> _EXERCISE DATA_

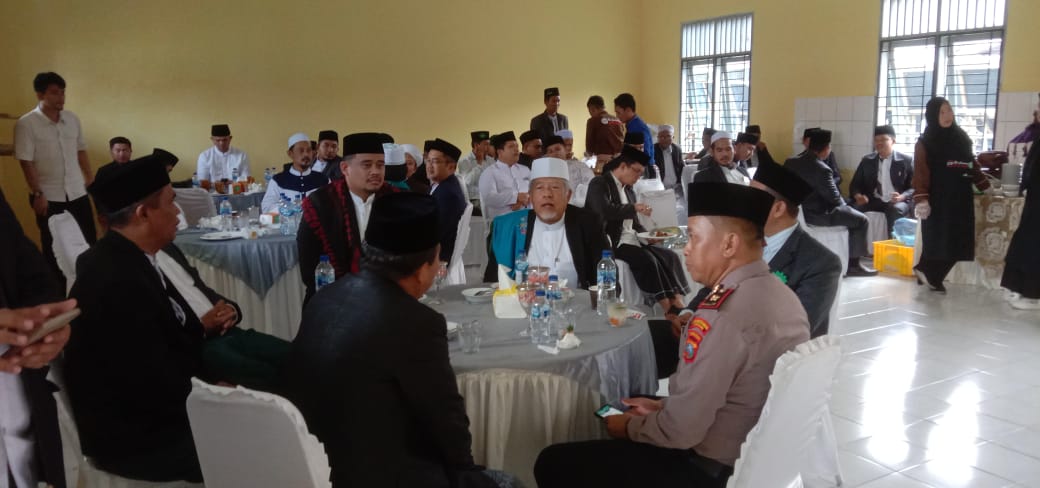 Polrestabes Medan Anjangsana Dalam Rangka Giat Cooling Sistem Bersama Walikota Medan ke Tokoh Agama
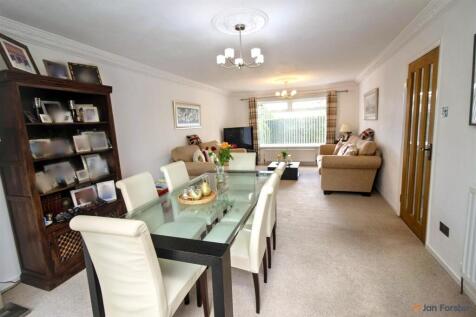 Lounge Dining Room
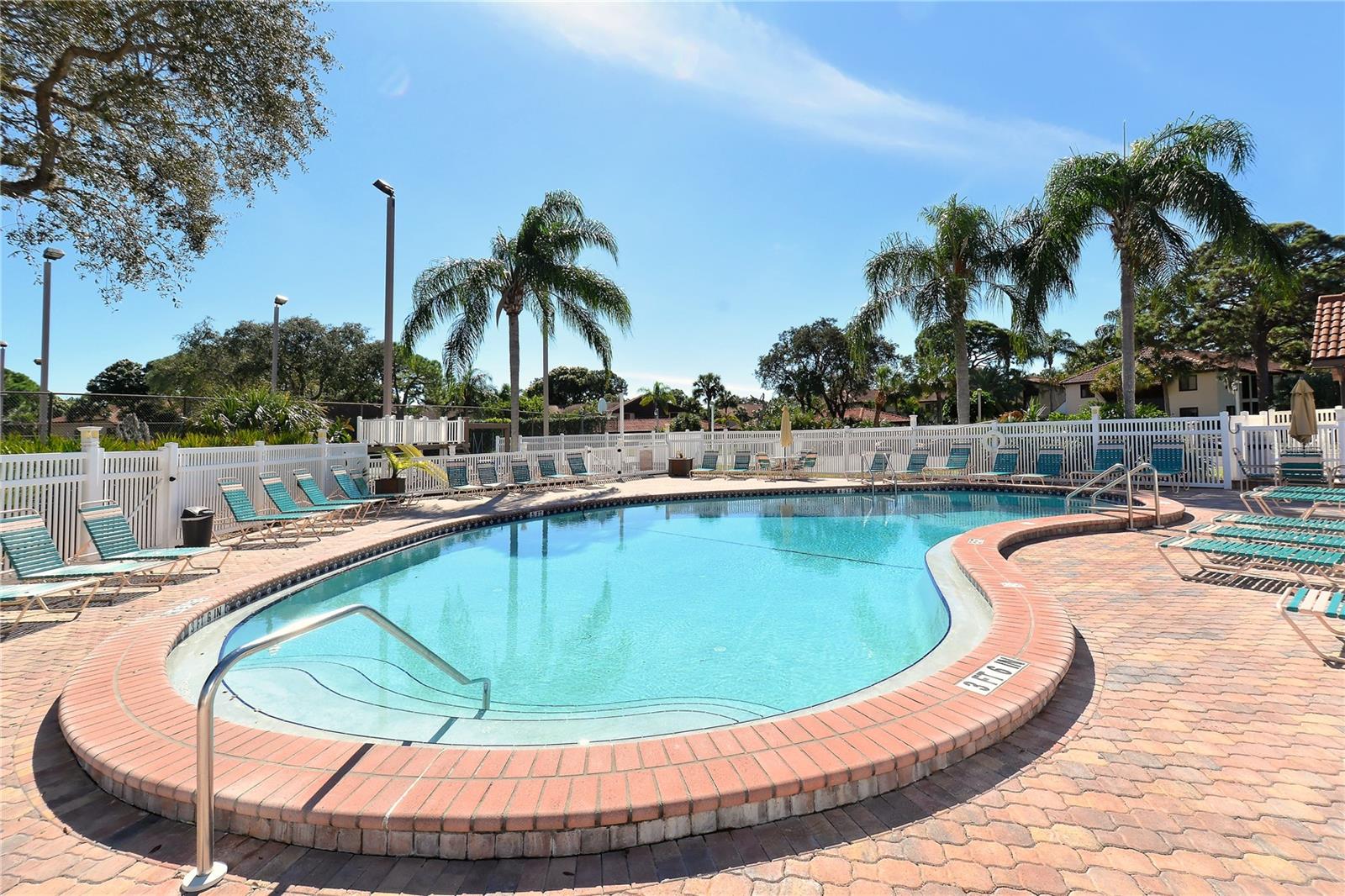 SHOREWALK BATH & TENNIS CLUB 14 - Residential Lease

> _ASSIGNMENT_
Would it be possible to copy the material exactly, excluding the images?

> _ANSWER FOR THIS EXERCISE_
 Polrestabes Medan Anjangsana Dalam Rangka Giat Cooling Sistem Bersama Walikota Medan ke Tokoh Agama
 Lounge Dining Room
 SHOREWALK BATH & TENNIS CLUB 14 - Residential Lease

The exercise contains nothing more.